There was a vein of strenuous earnestness only partly concealed beneath her words and manner, which the gruff old gentleman, who was as sensitive as a photographic plate, where his affections were concerned, did not fail to note. He kissed her on both cheeks—a fully sufficient answer to her request, and shuffled out of the room in his old slippers; which, thanks to Sophie’s filial attentions, still held together with dying faith fulness.

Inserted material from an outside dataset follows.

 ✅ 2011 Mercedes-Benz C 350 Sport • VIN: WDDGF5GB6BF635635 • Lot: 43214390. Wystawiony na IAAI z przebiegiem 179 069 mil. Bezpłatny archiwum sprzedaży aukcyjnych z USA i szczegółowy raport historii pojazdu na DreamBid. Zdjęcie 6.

The rest of the day the two sisters passed together—Cornelia working upon her sister’s wedding-dress, and Sophie guiding her by directions and suggestions. Not since they first began to grow apart, had there been between them so great an appearance of sisterly love and cordiality. Yet, if Cornelia allowed herself to think at all, it must have seemed, in the light of her purpose regarding Bressant, as if she was preparing a shroud rather than a wedding-garment. Or, perhaps, as she observed the change which even so brief and light an illness had made in Sophie’s delicate face, there may have lurked, in the secret places of her mind, a darker and guiltier thought than that. But let not our condemnation be too unconditional, lest the precedent come home, some day, to ourselves. It may astonish us, hereafter, to discover how many of our most respectable acquaintances are murderers—only in thought!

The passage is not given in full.